Existing investors can buy three new shares for every 10 they own at 6.35 euros apiece, a third lower than Monday’s price. The French state, which owns about 86 percent of the utility, will subscribe for about 3 billion euros of stock, Paris-based EDF said in a statement.
The company announced plans for the sale last April. EDF suffered from a lackluster electricity market last year as well as prolonged halts at some of its atomic plants, prompting it to cut 2016 profit forecasts twice. Rising competition also threatened the cash flow it needs to renovate its French reactors and fund a new nuclear power station at Hinkley Point in the U.K.
EDF rose 1.3 percent to 9.74 euros at 10:04 a.m. in Paris trading on Tuesday, the highest intraday price since January. The stock initially fell 2.2 percent.
“Although the discount implied in the equity raise is higher than expected, we do see some positives here for the medium-term investment case,” said Ahmed Farman, an analyst at Jefferies International Ltd. in London. The announcement removes uncertainty for shareholders and “the proceeds would help strengthen EDF’s balance sheet,” he said in an email.
The rights will trade on Euronext Paris from Wednesday through March 17, and the subscription period will run March 10 to March 21, the statement shows.

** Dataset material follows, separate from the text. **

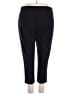 Zac & Rachel Solid Black Casual Pants Size 2X - photo 2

EDF has cut costs and jobs, pared investments and set out a plan to divest at least 10 billion euros of assets from 2015 to 2020 to help fund its 12 billion-pound ($15 billion) share of the Hinkley Point plant. It must also this year complete its purchase of at least 51 percent of Areva SA’s reactor unit after last year announcing a binding agreement to take control of the 2.5 billion-euro business.
“Assuming this 4 billion-euro rights issue enables a slight decrease in financial expenses in the very short term, while funding part of the Areva NP acquisition, earnings-per-share dilution would be limited to the tune of about 16 percent to 17 percent,” Pierre-Antoine Chazal, an analyst at Bryan Garnier & Co. in Paris, said in a note.
EDF in February reported a 15 percent decline in 2016 adjusted earnings, and said 2017 will remain “difficult,” while 2018 will be “the year of the rebound.”